AIM OF THE TASK = With pictures omitted, copy exactly the lines from the one containing "Census Solar Job" through the end of the records below.

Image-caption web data

--- START ---

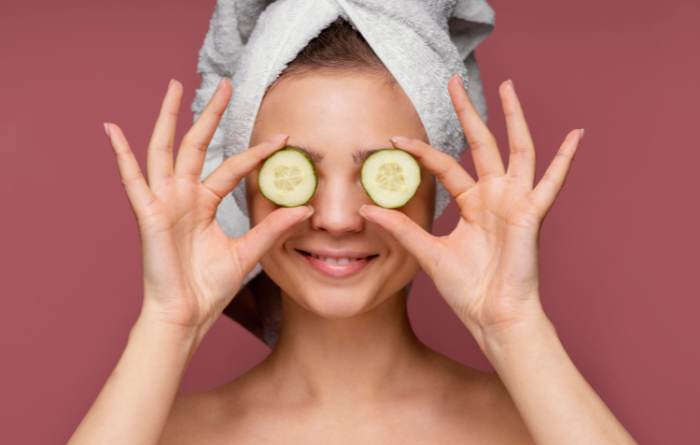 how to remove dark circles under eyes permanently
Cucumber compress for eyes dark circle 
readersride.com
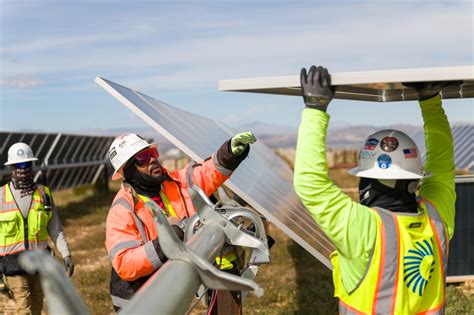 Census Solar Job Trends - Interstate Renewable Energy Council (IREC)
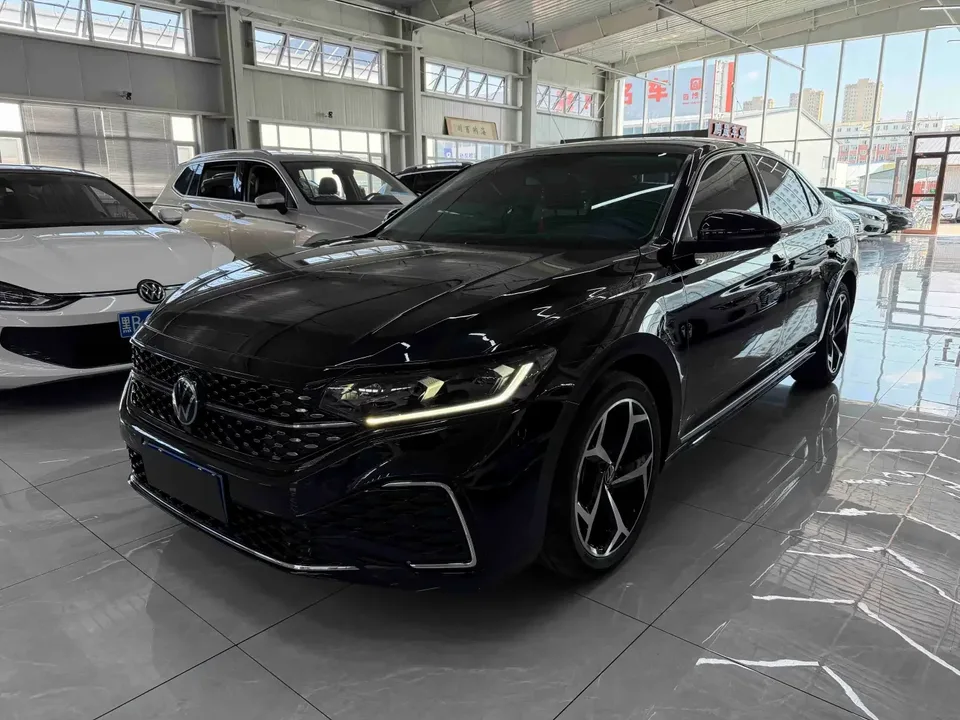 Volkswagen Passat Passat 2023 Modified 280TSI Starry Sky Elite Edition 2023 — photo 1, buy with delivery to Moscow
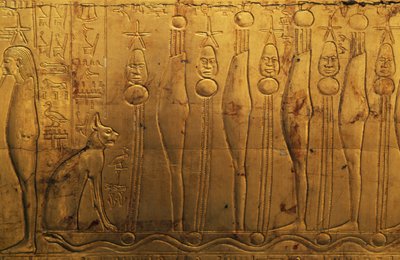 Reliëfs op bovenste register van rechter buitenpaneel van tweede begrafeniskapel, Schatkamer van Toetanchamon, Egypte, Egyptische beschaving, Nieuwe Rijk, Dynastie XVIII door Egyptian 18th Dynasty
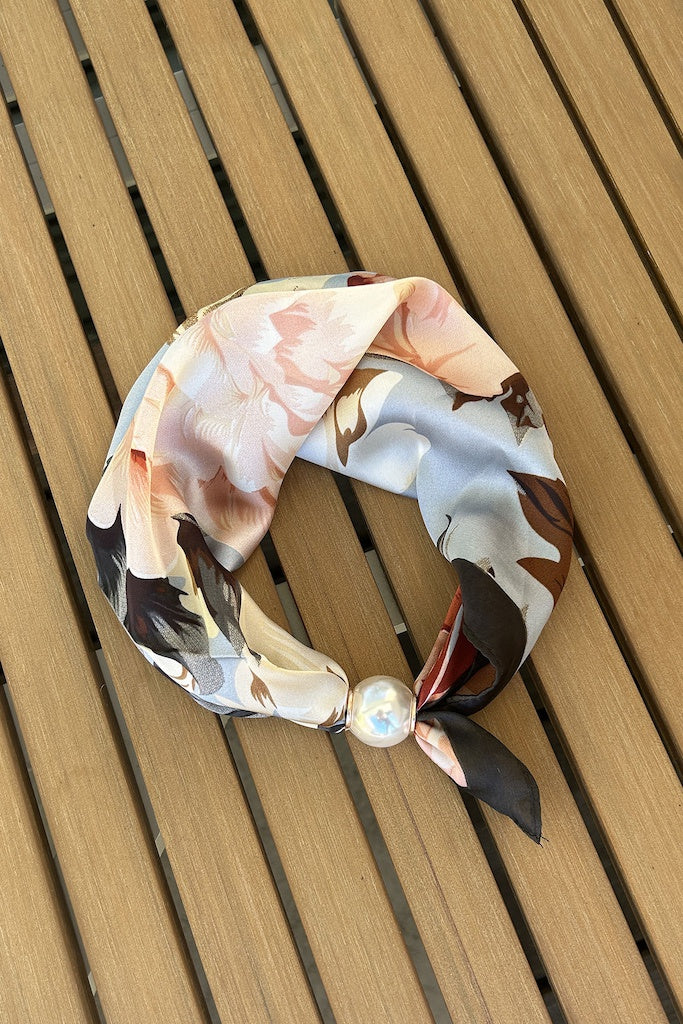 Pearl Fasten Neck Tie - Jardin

--- END ---

SOLUTION TO THE PROBLEM =
 Census Solar Job Trends - Interstate Renewable Energy Council (IREC)
 Volkswagen Passat Passat 2023 Modified 280TSI Starry Sky Elite Edition 2023 — photo 1, buy with delivery to Moscow
 Reliëfs op bovenste register van rechter buitenpaneel van tweede begrafeniskapel, Schatkamer van Toetanchamon, Egypte, Egyptische beschaving, Nieuwe Rijk, Dynastie XVIII door Egyptian 18th Dynasty
 Pearl Fasten Neck Tie - Jardin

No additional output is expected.